My library is hosting our second annual Mock Caldecott this month, so I'm sharing my thoughts on the list I put together (we have ten titles we're discussing). Do you think any of these books have a chance at winning a Caldecott in 2014?
Mr. Tiger Goes Wild by Peter Brown
-Mr. Tiger Goes Wild is my other top choice for Caldecott this year. (See my review of Journey by Aaron Becker) It's graphic design that has an old fashioned feel. It doesn't feel overly designed and has a nice nod to classic illustrations which gives it a great blend of old and new. The illustrations feel crisp and clean and the lines are so symmetrical it's a treat to look at. The illustrations might fall into the gutter (the middle section of the book) but they never look misplaced or disjointed. Instead, the gutter placements work well with the illustrations and they continue to feel very sharp, even when they are full page with a gutter break. The full page illustrations-where we get a full city skyline, to the first time we see Mr. Tiger get down on his paws, to the time he lets go and is a wild tiger, to the full lush wilderness-are all stunning and have a great epic feel to them. This is a story that you can look at just the illustrations and know exactly what is going on. You know the story just from the pictures and that makes in really stand out. Of course, the text adds a lot to the story and the illustrations add a lot to the text, making it a great marriage of text and illustration-each one can stand on its own, but you gain so much more by pairing the two. The addition of the contrasting end papers-brick to start, jungle at the end-is a nice touch and brings together a great whole package. Along with Journey, Mr. Tiger Goes Wild is my book to beat.
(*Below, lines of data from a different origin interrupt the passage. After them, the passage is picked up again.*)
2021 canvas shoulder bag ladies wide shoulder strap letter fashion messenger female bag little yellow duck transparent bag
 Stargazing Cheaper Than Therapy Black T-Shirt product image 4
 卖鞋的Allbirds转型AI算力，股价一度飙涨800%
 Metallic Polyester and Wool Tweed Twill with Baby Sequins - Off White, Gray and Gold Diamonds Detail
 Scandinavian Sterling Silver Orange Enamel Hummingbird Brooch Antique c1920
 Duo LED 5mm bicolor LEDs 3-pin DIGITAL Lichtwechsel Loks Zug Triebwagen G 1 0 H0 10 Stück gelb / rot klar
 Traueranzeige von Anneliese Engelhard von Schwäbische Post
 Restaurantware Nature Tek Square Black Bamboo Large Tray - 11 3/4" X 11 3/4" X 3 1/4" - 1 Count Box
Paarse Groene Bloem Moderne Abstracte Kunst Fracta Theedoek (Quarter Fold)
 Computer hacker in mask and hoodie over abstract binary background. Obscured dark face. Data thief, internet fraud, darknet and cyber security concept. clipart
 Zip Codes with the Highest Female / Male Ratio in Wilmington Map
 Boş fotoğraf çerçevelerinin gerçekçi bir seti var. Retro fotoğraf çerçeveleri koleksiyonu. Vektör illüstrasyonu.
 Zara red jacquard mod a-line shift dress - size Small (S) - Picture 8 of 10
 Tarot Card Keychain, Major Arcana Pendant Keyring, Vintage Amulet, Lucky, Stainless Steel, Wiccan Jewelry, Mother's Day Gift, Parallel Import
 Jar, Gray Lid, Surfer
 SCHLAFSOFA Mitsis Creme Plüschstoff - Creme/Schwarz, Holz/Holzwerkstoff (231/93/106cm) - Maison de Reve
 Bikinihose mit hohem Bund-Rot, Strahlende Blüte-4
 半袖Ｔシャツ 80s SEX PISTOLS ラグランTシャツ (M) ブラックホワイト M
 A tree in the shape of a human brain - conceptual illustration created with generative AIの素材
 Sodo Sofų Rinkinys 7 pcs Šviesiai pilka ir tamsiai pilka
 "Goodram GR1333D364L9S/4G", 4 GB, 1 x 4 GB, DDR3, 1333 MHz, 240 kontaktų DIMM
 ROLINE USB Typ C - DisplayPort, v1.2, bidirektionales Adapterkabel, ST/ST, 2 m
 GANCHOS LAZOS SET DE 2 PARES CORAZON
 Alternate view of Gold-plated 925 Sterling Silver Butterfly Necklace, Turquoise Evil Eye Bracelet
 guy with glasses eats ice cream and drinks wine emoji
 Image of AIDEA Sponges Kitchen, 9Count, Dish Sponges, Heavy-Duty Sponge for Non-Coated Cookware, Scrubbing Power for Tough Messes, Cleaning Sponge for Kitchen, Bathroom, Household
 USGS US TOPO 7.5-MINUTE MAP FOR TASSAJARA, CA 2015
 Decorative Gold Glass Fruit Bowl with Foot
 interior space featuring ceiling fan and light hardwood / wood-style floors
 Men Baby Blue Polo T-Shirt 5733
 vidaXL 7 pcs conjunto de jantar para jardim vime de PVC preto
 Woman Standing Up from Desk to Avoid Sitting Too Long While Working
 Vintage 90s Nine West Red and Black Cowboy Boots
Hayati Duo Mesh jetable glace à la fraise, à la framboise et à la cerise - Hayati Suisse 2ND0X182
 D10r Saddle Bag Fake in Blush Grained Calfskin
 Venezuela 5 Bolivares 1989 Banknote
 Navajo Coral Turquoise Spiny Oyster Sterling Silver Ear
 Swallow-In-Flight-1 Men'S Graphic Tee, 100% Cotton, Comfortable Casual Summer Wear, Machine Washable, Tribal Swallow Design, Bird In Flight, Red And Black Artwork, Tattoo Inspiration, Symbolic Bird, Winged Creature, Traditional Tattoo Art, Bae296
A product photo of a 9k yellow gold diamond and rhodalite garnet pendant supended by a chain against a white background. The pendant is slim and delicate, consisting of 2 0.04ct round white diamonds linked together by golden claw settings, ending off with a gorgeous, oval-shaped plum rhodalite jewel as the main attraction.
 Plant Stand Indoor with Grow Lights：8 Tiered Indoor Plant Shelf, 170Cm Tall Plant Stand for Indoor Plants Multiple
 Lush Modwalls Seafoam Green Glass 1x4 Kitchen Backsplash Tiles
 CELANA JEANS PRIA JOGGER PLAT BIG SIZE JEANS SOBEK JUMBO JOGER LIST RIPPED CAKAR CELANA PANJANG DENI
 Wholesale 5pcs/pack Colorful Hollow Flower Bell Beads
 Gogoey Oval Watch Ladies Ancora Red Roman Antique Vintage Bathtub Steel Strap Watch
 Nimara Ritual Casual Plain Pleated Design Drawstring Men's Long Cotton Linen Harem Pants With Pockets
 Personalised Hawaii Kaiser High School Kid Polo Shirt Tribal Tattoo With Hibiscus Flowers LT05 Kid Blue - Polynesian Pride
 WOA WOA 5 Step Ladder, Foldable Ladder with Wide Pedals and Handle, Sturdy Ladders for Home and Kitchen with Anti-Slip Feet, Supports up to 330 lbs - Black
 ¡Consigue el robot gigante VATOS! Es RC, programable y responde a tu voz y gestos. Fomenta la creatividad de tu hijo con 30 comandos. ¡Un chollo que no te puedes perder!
The Day the Crayons Quit by Drew Daywelt, illustrated by Oliver Jeffers
-A book illustrated all in crayon for the Caldecott? Why not? This is a hilarious tale of a crayon box who has had too much and all have something to say. Each page is illustrated by one crayon, telling their tale of woe and illustrating why they are so sad. Can a book that only uses on color per page really be exciting? Jeffers proves that it can-and it can be unique and interesting! The way he manages to give each crayon a personality in each drawing and makes each illustration stand out with just one color makes this book a serious contender for me.